[Exercise details]:
Wherever pictures appear in the listing below, leave them out, and copy exactly, and only, everything from the line with "Round Neck Tulle" down to the line with "Ensemble salwar kameez".
[Start of section]
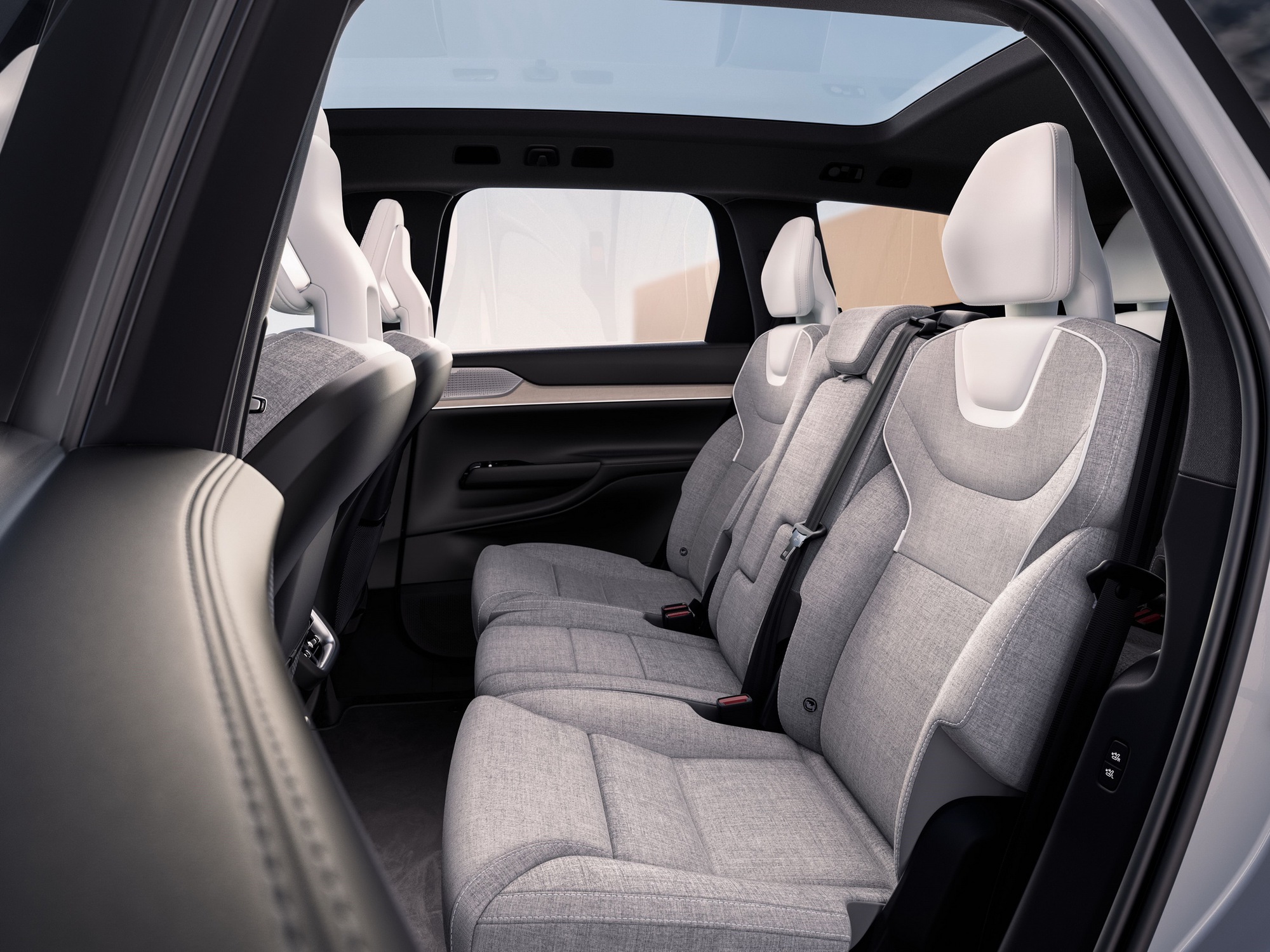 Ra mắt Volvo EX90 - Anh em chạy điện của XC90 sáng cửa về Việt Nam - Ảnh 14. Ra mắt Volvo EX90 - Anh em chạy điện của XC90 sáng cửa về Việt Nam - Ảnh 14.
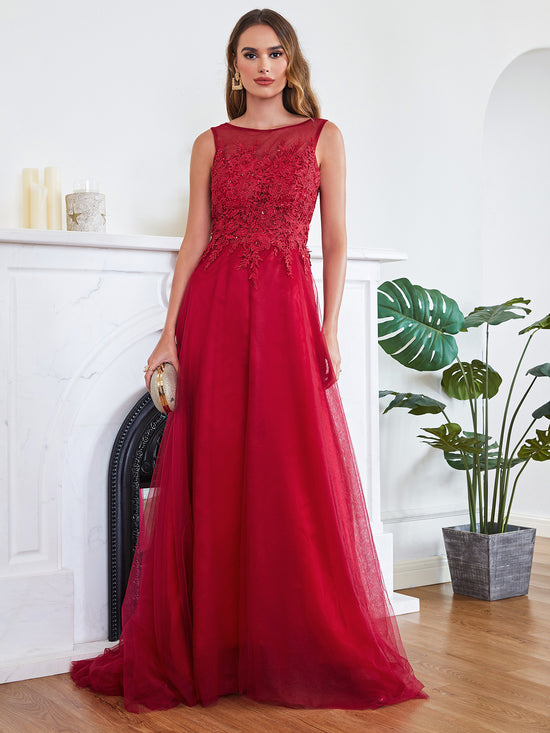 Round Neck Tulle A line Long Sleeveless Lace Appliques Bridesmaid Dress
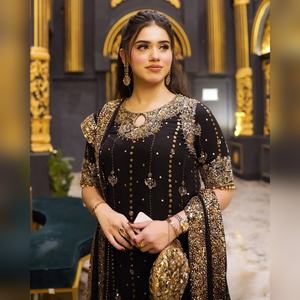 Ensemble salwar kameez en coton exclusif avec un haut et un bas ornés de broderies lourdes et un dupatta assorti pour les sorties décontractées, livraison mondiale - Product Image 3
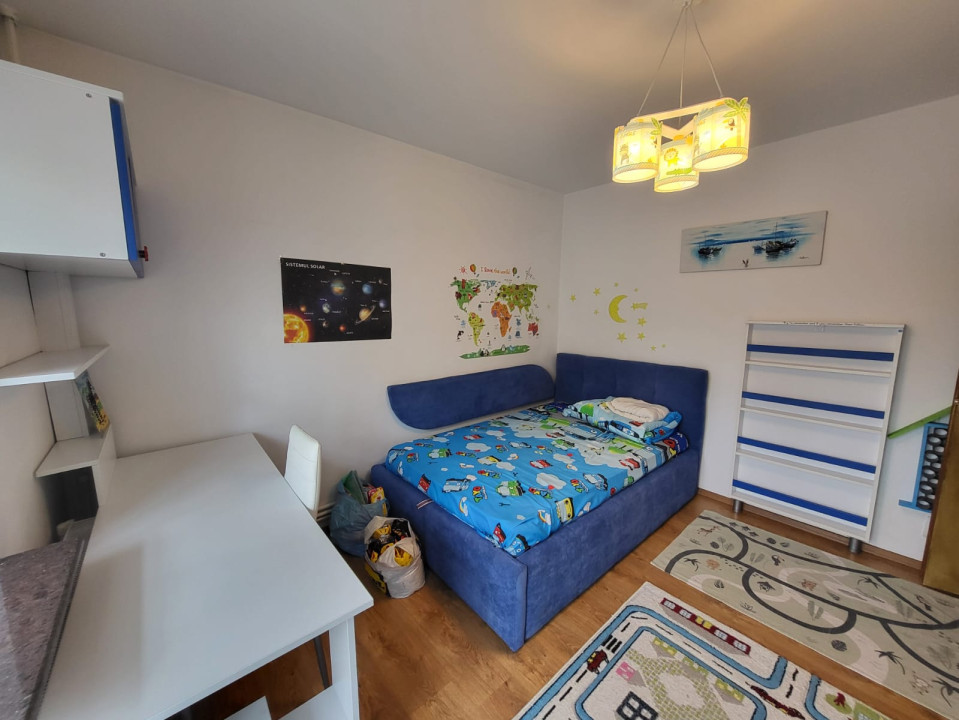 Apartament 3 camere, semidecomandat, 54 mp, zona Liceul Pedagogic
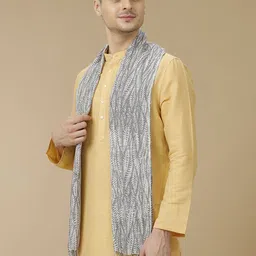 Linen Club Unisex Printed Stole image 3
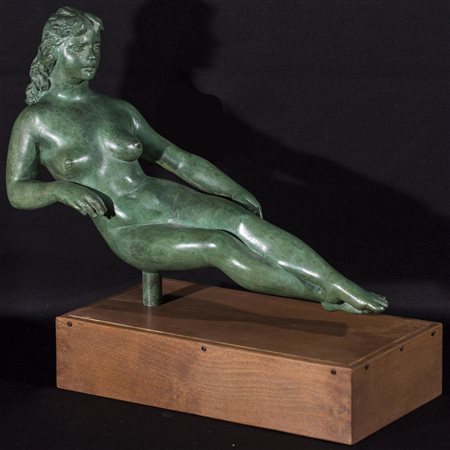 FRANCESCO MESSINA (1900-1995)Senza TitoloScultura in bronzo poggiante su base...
[End of section]
[Written response]:
 Round Neck Tulle A line Long Sleeveless Lace Appliques Bridesmaid Dress
 Ensemble salwar kameez en coton exclusif avec un haut et un bas ornés de broderies lourdes et un dupatta assorti pour les sorties décontractées, livraison mondiale - Product Image 3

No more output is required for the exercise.